The Declaration announced that the Jewish state would officially come into existence at midnight on 14 May 1948 which marked the end of the British Mandate for Palestine. In Washington this would be 6 p.m. EST on 14 May.

  At about the same time that Ben Gurion was in the process of reading the Declaration in Tel Aviv, Eliahu Epstein, head of the Jewish Agency for Israel, now calling himself, ‘agent to the provisional government of Israel’, received a phone call from Clark Clifford,23 the special counsel to President Truman.
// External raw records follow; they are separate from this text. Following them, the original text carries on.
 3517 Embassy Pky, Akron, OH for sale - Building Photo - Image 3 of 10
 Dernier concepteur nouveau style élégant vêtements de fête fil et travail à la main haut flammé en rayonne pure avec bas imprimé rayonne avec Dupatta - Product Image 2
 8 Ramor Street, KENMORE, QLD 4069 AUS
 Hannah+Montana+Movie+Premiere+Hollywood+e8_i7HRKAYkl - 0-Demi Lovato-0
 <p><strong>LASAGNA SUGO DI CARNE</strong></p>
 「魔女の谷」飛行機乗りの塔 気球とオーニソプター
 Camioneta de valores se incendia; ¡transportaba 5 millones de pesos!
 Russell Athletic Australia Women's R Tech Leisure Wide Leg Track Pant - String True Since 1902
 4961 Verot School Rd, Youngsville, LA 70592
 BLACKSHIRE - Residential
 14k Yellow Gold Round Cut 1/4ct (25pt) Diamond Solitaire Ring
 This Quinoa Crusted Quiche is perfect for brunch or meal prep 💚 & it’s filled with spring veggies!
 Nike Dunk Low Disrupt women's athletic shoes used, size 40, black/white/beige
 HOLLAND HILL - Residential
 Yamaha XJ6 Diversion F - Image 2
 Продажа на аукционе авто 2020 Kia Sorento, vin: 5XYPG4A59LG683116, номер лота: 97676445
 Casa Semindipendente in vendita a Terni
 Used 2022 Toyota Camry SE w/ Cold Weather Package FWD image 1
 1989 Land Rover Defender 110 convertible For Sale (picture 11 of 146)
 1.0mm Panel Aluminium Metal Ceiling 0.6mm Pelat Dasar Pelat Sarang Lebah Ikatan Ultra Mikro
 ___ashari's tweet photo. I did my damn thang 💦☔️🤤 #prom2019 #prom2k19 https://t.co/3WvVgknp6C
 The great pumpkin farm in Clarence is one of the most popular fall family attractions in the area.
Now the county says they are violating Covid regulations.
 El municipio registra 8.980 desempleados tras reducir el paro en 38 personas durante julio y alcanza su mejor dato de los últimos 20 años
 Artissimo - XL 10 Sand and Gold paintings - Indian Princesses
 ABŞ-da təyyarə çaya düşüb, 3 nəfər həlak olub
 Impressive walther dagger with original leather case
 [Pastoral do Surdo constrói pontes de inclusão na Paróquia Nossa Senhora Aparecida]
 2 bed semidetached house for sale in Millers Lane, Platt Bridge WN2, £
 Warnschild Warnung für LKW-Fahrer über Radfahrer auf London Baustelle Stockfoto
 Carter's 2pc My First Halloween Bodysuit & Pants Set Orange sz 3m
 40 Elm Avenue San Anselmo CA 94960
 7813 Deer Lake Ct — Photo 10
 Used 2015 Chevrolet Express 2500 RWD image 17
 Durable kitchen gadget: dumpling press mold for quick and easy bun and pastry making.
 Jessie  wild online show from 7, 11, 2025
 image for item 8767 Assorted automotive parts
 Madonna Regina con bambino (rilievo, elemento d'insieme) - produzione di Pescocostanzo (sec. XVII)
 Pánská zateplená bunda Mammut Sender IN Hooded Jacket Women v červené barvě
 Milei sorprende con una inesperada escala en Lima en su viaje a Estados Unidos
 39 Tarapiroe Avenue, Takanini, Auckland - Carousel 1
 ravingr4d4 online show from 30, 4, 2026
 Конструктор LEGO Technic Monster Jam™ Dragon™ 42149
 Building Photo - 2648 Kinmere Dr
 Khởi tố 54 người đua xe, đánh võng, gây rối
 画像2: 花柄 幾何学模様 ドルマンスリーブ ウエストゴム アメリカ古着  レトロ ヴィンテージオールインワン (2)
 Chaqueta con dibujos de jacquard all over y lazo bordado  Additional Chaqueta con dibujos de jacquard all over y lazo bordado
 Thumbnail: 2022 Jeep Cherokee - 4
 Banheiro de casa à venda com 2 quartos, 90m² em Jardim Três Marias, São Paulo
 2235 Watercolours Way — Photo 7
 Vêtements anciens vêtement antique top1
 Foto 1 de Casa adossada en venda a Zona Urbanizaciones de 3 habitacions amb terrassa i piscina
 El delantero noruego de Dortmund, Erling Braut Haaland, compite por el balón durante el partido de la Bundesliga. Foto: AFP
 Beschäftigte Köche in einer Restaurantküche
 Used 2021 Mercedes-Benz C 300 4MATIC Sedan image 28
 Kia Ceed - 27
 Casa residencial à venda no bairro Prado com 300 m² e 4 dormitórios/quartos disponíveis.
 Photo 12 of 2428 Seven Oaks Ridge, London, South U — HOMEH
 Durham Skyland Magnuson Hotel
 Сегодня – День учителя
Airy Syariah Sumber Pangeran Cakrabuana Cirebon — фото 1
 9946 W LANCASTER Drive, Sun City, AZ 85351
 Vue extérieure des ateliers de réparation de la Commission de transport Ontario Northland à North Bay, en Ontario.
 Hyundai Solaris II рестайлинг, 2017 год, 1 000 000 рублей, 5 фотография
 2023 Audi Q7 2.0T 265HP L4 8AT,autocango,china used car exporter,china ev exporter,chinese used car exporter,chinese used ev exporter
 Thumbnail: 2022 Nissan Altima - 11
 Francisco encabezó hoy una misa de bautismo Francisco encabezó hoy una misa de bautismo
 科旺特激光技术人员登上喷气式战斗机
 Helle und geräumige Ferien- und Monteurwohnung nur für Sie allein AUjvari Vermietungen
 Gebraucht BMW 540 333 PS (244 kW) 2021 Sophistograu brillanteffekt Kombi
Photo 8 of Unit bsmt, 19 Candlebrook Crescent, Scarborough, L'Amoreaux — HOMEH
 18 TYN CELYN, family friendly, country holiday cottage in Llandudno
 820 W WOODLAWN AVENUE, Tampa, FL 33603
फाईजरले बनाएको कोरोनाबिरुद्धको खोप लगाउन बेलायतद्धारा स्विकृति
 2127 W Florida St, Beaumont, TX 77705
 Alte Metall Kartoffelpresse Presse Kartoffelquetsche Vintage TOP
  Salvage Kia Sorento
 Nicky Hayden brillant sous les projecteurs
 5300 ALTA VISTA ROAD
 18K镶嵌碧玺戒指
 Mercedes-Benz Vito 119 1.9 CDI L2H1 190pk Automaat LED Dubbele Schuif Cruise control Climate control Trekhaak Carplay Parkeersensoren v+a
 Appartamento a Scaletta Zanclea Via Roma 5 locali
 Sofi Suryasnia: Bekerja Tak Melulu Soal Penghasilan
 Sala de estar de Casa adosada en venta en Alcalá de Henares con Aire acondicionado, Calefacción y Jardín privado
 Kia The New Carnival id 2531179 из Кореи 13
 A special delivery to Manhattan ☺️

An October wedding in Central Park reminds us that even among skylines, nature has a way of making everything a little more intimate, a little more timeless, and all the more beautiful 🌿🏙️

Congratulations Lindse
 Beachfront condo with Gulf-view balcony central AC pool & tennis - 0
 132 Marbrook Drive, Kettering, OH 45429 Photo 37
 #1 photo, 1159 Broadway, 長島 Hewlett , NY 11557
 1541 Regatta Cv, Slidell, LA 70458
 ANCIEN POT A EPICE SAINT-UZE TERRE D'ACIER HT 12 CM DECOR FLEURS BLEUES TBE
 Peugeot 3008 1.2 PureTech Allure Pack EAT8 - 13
Clifford, who was in his early forties at this time, urged Epstein to write at once to President Truman to ‘welcome Israel into the community of nations’. Then at 11 minutes after the proclamation of a Jewish state in Palestine became effective, President Truman recognized the provisional government as the ‘de facto authority of the State of Israel’.24

  It seems inconceivable, at least in our opinion, that President Truman gave his personal approval within minutes, presumably without having seen the details of the constitution of this new ‘Jewish state’ claiming biblical rights to modern Palestine! At any rate, David Ben Gurion was immediately made Israel's first prime minister and Chaim Weizmann, the ‘guiding spirit behind the Zionist Organization [now called the World Zionist Organization]’ who was at the time living in New York, was to become it's first ‘president’.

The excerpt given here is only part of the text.